Who should pay when your apartment block ‘moves in a downward motion’?
The recent, and well reported, examples of shoddy construction practices on high rise buildings have led some experts to warn that this is just the tip of the iceberg. The question for society is: who is responsible, and who should pay the costs of rectification?
Yesterday, I encountered one of the more skilfully articulated synonyms I have seen in a while. I am talking about the words used by engineers to describe the situation at Mascot Towers in Sydney where the residents of the 132 units have been forced to stay elsewhere since June 14, after cracks started appearing in both the primary support structure and the facade. In an update to owners, the engineers stated that “It appears that the building is moving in a downward motion” which very much sounds to me like an alternative wording of the building is sinking into the ground”!
This comes only a few months after the issues with Opal Tower where a large number of apartments were evacuated around Christmas last year and many owners are still not able to return.
There are quite a few experts warning this is just the tip of the iceberg and that many more examples of shoddy construction will emerge as a result of the high rise construction boom in Sydney and Melbourne during the last decade.
Together, with the recently released findings of flammable cladding, which estimate that there are around 1000 buildings affected with a potential repair bill that could stretch into several billions of dollars, this raises an interesting question.
Who should pay?
Reading media, there are quite a few schools of thought:
- The owners of the affected buildings should be responsible for the repairs and would have to seek redress from the developer/builder who produced a faulty product.
This is probably what sounds natural to most people as, after all, “buyer beware” and warranties are very well established concepts.

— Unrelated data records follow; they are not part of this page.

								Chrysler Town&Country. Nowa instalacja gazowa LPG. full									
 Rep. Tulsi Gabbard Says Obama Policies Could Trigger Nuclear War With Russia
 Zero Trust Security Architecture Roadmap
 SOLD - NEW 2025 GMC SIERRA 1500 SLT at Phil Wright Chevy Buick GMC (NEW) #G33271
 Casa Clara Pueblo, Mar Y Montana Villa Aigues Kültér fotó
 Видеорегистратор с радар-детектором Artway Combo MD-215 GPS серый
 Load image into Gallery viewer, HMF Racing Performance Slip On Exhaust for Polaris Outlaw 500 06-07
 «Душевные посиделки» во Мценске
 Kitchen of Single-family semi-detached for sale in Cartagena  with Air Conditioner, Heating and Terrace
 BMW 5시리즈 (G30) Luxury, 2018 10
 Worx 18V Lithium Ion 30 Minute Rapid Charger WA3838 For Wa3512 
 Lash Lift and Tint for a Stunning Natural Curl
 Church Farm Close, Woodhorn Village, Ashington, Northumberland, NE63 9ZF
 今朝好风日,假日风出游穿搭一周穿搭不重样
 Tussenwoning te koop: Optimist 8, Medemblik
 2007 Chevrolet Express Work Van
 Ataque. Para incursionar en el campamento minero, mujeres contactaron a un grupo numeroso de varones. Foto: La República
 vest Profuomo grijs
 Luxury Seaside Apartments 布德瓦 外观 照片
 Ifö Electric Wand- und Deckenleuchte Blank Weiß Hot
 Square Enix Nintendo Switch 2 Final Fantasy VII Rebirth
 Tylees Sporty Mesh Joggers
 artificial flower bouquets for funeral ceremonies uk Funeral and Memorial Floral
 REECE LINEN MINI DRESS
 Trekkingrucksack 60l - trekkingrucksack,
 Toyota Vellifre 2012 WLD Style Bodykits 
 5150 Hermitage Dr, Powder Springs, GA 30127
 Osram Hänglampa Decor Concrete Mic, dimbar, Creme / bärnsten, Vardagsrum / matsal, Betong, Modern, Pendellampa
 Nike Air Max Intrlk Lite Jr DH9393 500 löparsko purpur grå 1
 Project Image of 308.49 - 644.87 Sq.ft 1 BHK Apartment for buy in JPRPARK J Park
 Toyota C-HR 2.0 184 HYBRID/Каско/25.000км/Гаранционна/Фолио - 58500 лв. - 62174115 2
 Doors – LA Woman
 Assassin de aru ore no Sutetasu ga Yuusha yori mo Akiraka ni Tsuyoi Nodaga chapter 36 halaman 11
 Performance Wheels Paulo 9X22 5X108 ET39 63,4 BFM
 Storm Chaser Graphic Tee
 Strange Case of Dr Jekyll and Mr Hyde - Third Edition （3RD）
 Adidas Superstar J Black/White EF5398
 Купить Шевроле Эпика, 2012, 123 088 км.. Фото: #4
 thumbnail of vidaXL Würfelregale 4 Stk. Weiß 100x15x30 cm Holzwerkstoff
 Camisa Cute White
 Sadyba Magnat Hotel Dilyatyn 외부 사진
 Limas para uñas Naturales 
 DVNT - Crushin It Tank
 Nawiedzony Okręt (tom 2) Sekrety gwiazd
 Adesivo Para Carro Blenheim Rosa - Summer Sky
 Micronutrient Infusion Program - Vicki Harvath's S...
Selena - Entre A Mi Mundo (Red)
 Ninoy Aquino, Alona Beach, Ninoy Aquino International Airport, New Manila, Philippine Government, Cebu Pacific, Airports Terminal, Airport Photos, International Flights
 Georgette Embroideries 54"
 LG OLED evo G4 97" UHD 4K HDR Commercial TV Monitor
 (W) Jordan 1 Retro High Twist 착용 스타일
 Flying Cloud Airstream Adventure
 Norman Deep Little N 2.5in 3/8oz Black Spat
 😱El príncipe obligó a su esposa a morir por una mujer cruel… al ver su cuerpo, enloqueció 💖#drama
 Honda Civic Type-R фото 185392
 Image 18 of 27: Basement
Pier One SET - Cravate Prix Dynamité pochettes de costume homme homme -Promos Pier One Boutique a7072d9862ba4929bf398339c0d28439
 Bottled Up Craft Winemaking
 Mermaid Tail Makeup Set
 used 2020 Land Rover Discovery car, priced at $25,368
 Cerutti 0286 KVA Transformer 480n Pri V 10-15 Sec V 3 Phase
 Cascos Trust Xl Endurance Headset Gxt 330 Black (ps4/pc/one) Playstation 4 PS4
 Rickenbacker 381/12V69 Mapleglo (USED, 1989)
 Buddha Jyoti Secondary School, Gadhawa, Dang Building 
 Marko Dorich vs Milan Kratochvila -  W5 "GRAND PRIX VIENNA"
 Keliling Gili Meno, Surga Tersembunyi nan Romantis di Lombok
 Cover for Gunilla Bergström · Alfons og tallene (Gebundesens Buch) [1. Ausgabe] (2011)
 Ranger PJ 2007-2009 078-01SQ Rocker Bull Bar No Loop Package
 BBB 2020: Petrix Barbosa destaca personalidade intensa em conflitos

The problem is though that in many cases, the builders/developers of the affected buildings are no longer around and even if they are, it seems to be standard practice in the building industry to ring-fence potential liability by creating limited liability companies for each project, meaning that it will be very hard for owners to successfully seek redress from them.
There is also the issue that the NSW government in August 2018 legislated that the statutory limitations for major defects is six years. This means that if the building is older than 2013, there is no legal way at all for the owners to seek compensation from the developers – no matter if there are clear structural defects.
- There are some politicians that believe the government should pay for rectifying the issues and then try to seek redress from the people responsible. (Note, paywall may apply)
The same issue as described above in regard to the difficulties seeking redress from developers/builders applies here. This is therefore in effect proposing is to socialise the losses for apartment owners amongst all tax payers.
- Then there are those that argue that the government should foot at least part of the bill because they were aware of the problem and did nothing about it, leaving it at least partly responsible.
It is quite clear to me there has indeed been a failure of government to at least enforce existing legislation. But it is also interesting to note that the people promoting this view are generally involved in the building and construction industry and may not be completely impartial.
It is still not clear which way this massive debacle will turn out and who will ultimately foot the bill.
My guess (without saying that this is my personal preference!) is that governments will eventually cave for political reasons and provide quite substantial assistance to the people affected. As long as this assistance comes in the form of a loan that has to be eventually repaid, I can see this makes sense given the government can fund itself much cheaper than individual people. But if the assistance comes in the form of grants and bailouts, it undermines the system of individual responsibility and choice and would be a very undesirable outcome.
What is clear is the issue with substandard construction will have a very long lasting impact on the economy in general, as these events come at a precarious time for the property market overall.